What you are asked to do
Give every line of the data again, unchanged, but with no pictures.

Dataset excerpt
☆ ☆ ☆ ☆

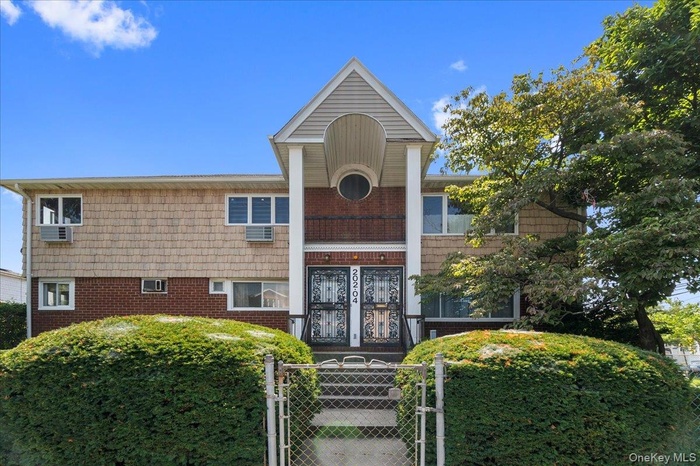 View of front of home featuring a gate, brick siding, and a fenced front yard
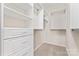 A well-organized walk-in closet with drawers, shelves, and hanging rods at 3104 Streamhaven Dr, Indian Land, SC 29707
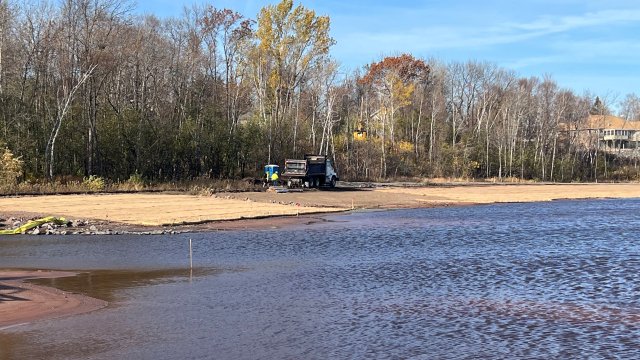 Erosion control straw matting is placed on the shoreline of the Shallow Sheltered Bay to protect the soil and seeded areas. 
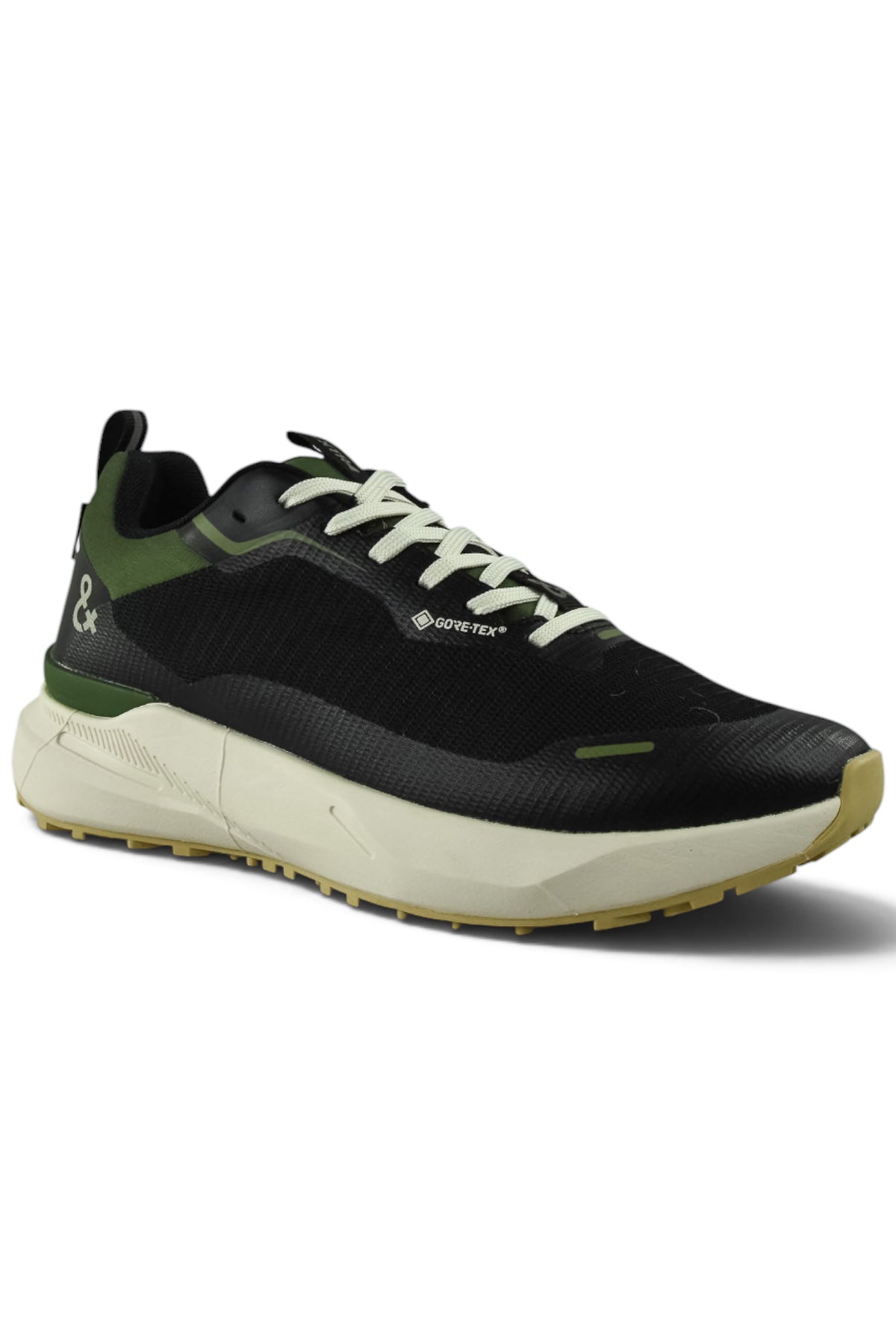 Waterproof GTX running shoe side view in black with green trim, white lace-up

☆ ☆ ☆ ☆

Problem solution
 View of front of home featuring a gate, brick siding, and a fenced front yard
 A well-organized walk-in closet with drawers, shelves, and hanging rods at 3104 Streamhaven Dr, Indian Land, SC 29707
 Erosion control straw matting is placed on the shoreline of the Shallow Sheltered Bay to protect the soil and seeded areas. 
 Waterproof GTX running shoe side view in black with green trim, white lace-up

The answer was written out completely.